Des danseurs de Kongo Drama Company et des réfugiés de Mole Les Dépêches de Brazzaville : Pourriez-vous nous dire la raison de votre présence, assez insolite pour un chorégraphe de la capitale, à Mole, contrée située à 35 km de la ville de Zongo, plus précisément dans le camp des réfugiés centrafricains  ?

Fabrice Bwabulamutima  :  Je suis là en tant que directeur de la compagnie de danse Kongo Drama Company de Kinshasa. C’est vrai que la présence de cette troupe peut paraître insolite mais elle se justifie car nous sommes là pour le compte de la fondation française AAD ou Artistes africains pour le développement créée par Matthias Leridon et son épouse Gervanne.
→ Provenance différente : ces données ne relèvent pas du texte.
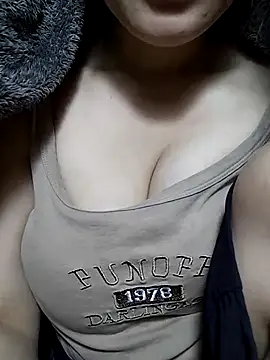 neko-nancy online show from February 15, 2:25 pm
Cette fondation a mis en place le Programme Refugees on the Move qui consiste à organiser des ateliers de danse et de musique dans des camps de réfugiés. Ils sont animés par des professionnels qui ont comme objectif principal de travailler à la réconciliation des communautés à travers l’art, la culture et œuvrer pour la reconstruction de la personne humaine parce qu’après avoir connu la guerre et subi ses affres, l’humain perd beaucoup choses. À travers la culture nous essayons de travailler sur cette réconciliation d’abord avec soi et ensuite avec la communauté parce que dans les camps de réfugiés, on retrouve tout autant des victimes que des bourreaux. Et donc, c’est seulement l’art qui peut communiquer d’abord la paix intérieure à ces personnes et ensuite les porter à la partager, cultiver le pardon surtout, une fois de retour chez eux. C’est donc dans ce cadre que je me retrouve ici à Mole.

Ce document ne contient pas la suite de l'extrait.